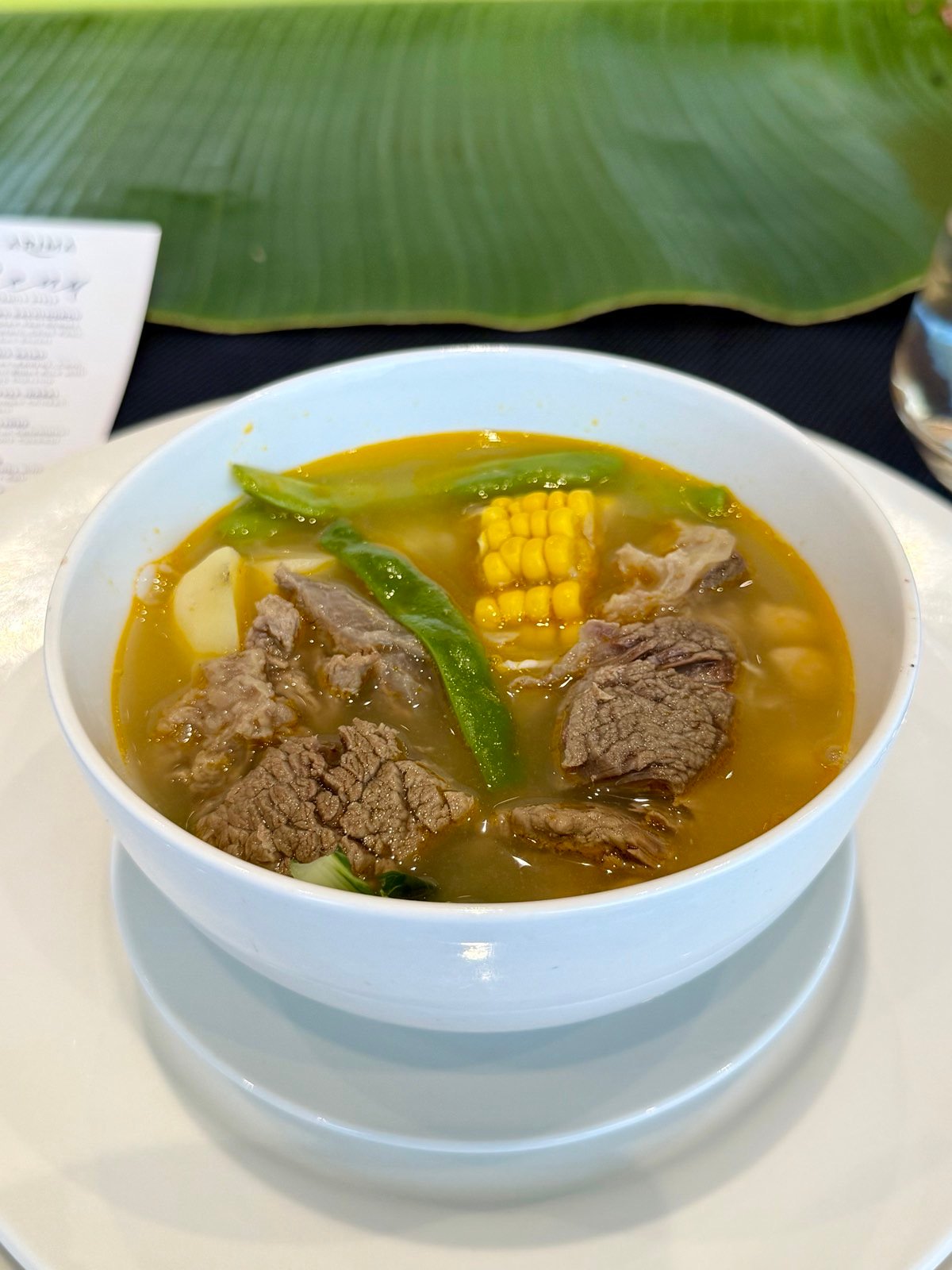 Pochero Bacolodnon — slow cooked veal shanks, banana, potato, chick peas, bamboo shoots.
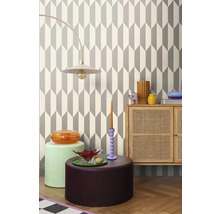 Interiér s geometrickou tapetou, stojacou lampou, komodou a dekoratívnymi predmetmi.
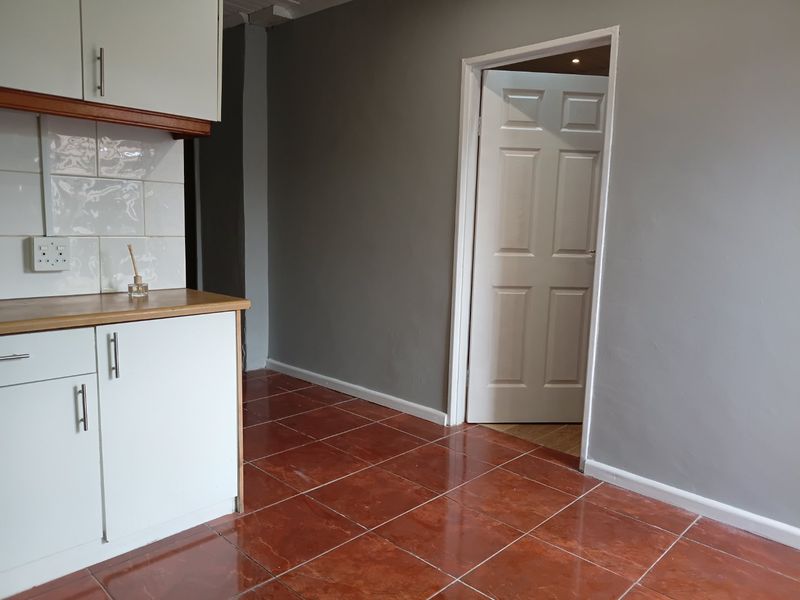 A functional kitchen area featuring white cabinetry, a tiled backsplash, and durable ceramic floor tiles, leading into an adjacent room through a panelled door.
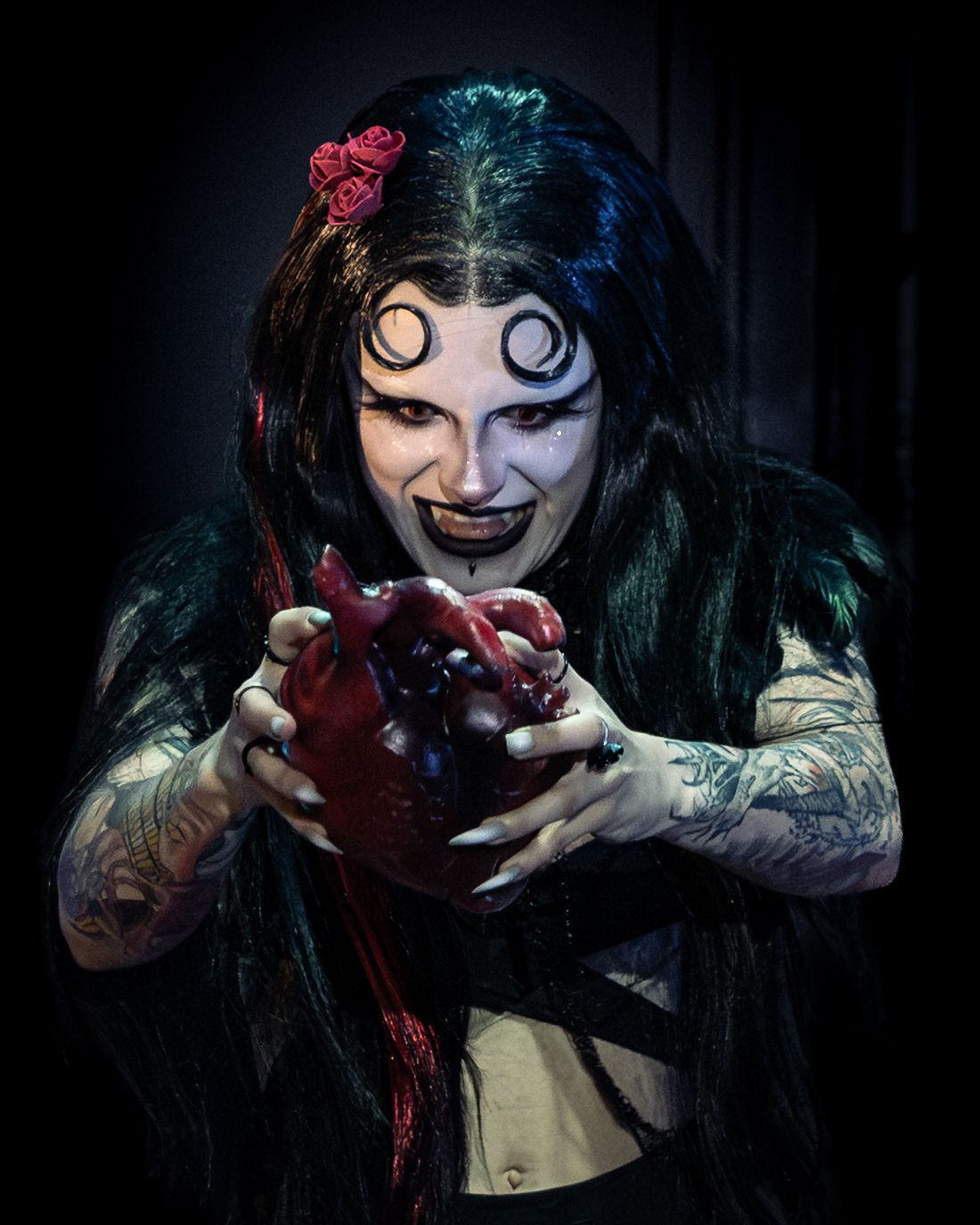 Tattooed performer in gothic vampire makeup holds prop heart wearing dark feathered costume with rose hair.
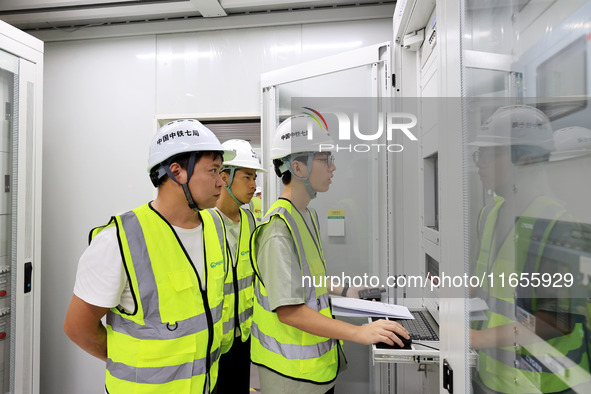 Technicians perform grid-connected power supply operations in a computer room in Liuzhou, China, on October 10, 2024.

- **Assigned task**
Print each record as it appears above, dropping every picture from the copy.

- **Written solution**
 Pochero Bacolodnon — slow cooked veal shanks, banana, potato, chick peas, bamboo shoots.
 Interiér s geometrickou tapetou, stojacou lampou, komodou a dekoratívnymi predmetmi.
 A functional kitchen area featuring white cabinetry, a tiled backsplash, and durable ceramic floor tiles, leading into an adjacent room through a panelled door.
 Tattooed performer in gothic vampire makeup holds prop heart wearing dark feathered costume with rose hair.
 Technicians perform grid-connected power supply operations in a computer room in Liuzhou, China, on October 10, 2024.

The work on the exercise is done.